В традиции восточной патристики, духовно освоенной русским Православием, как указывали многие философы и богословы (П. Д. Юркевич, В. С. Соловьев, В. Г. Эрн, Б. П. Вышеславцев, свт. Тихон Задонский, свт. Феофан Затворник, свт. Игнатий Брянчанинов), сердце есть одновременно выражение и рационального, и иррационального начала в человеке, это «абсолютный центр», куда сходятся сознание и бессознательное, душа и тело, умопостигаемое и непостижимое. Более того, на рубеже ХIХ–ХХ веков в русской религиозной мысли сердце приобретает статус духовной универсалии, объемлющей весь внутренний мир человека. Поэтому традиционно противопоставляемые в западноевропейской культуре понятия «разум» и «чувство» утрачивают в философии русского Ренессанса свою диаметральную направленность, так как восходят к одному источнику, и образуют диалектическое единство – «феноменологию сердца».
В романе «Мастер и Маргарита» М. А. Булгаков воплотил всю понятийную систему эйдоса сердце, представив целый спектр оттенков, какие только возможны при реализации данного смыслообраза в разных контекстах. Уже в "ершалаимских" главах – идейном центре произведения – мотив сердца становится доминирующим, но при этом в каждом конкретном случае он наполняется особым смыслом. Так, сердце Иешуа Га-Ноцри – Иисуса из Назарета – уже в силу своего религиозного подтекста (в том числе сакрально-мистического, хотя и не выраженного эксплицитно) есть «центр богочеловеческой личности» (Б. П. Вышеславцев). Оно «обозначает всю живую личность Христа, только не во внешних ее проявлениях и обнаружениях, а во внутренней, скрытой, таинственной сущности» [64, 73].
В образе Иешуа Булгаковым реализуется в абсолютном своем значении эйдос нравственности сердца, причем под нравственностью подразумевается внутренний закон, управляющий поступками человека, содержащийся в глубине, в самой сердцевине человеческой личности. Этот закон в определенном смысле и является той моральной силой, которая исходит от Га-Ноцри, движет его поступками и словами. Излучая добро, Иешуа незримо преображает всех тех, кто готов отворить душу благодатному свету. Более того, сам Га-Ноцри открыт миру, и эта его открытость, «душевное расположение» к каждому человеку есть непременный атрибут сердца – "мирного сердца". «Только мирный в сердце своем, – признавался С. Н. Булгаков в «Дневнике духовном», – может любить, радовать, помогать своим ближним, только мирный может различать доброе от злого, важное от неважного, нужное от ненужного» [54, 250]. Иешуа Га-Ноцри предстает таким мирным человеком в романе М. А. Булгакова. Его сердце, в отличие, например, от сердца Левия Матвея, есть не источник внутренней борьбы, а вместилище божественной любви и гармонии, то есть мира.

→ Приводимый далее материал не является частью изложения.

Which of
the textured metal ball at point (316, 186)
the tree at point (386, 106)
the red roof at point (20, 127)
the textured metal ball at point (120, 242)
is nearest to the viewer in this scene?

Именно на уровне сердечности коренится главное отличие Га-Ноцри от его "ученика" Левия, который по своему миропониманию и жизнеотношению так же далек от Иешуа, как и прокуратор Пилат. Вообще, создавая свою версию евангельской истории, М. А. Булгаков представил Иисуса Назарянина трагически одинокой фигурой. Писатель сознательно отказался от важной для раннего христианства идеи апостольства как ученичества и духовного посланничества. В романе, строго говоря, нет ни посланников Иешуа Га-Ноцри ("апостол" в переводе с греч. – посланник), ни его учеников в том богословском смысле слова, означающем восприемников божественной благодати. Пытаясь сосредоточиться на вселенской значимости подвига Иешуа Га-Ноцри, утвердившего собственной жизнью и смертью абсолютный нравственный закон, М. А. Булгаков предлагает принять истину во всей полноте без искажающего ее посредничества, даже самого талантливого и "боговдохновенного", каким является "каноническое" творчество святых апостолов. По утверждению Ж. Р. Колесниковой, «автором исключается не только истинность Евангелия от Матфея, но и сама идея о возможности существования каких-либо иных истинных пожизненных записей за Иешуа» [124, 7].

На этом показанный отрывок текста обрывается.